__YOUR OBJECTIVE__
Could you write out the records below exactly, without omitting a line?

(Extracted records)

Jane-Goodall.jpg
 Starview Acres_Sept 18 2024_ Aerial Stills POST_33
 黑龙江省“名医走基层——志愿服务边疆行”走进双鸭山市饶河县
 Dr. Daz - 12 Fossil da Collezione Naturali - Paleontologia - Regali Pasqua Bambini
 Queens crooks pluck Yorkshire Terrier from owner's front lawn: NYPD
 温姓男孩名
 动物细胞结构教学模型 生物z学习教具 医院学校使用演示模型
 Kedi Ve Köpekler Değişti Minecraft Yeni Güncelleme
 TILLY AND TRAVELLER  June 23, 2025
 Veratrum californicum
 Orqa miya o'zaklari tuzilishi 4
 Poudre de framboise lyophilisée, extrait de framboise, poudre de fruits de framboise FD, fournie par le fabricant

__WRITTEN SOLUTION__
Jane-Goodall.jpg
 Starview Acres_Sept 18 2024_ Aerial Stills POST_33
 黑龙江省“名医走基层——志愿服务边疆行”走进双鸭山市饶河县
 Dr. Daz - 12 Fossil da Collezione Naturali - Paleontologia - Regali Pasqua Bambini
 Queens crooks pluck Yorkshire Terrier from owner's front lawn: NYPD
 温姓男孩名
 动物细胞结构教学模型 生物z学习教具 医院学校使用演示模型
 Kedi Ve Köpekler Değişti Minecraft Yeni Güncelleme
 TILLY AND TRAVELLER  June 23, 2025
 Veratrum californicum
 Orqa miya o'zaklari tuzilishi 4
 Poudre de framboise lyophilisée, extrait de framboise, poudre de fruits de framboise FD, fournie par le fabricant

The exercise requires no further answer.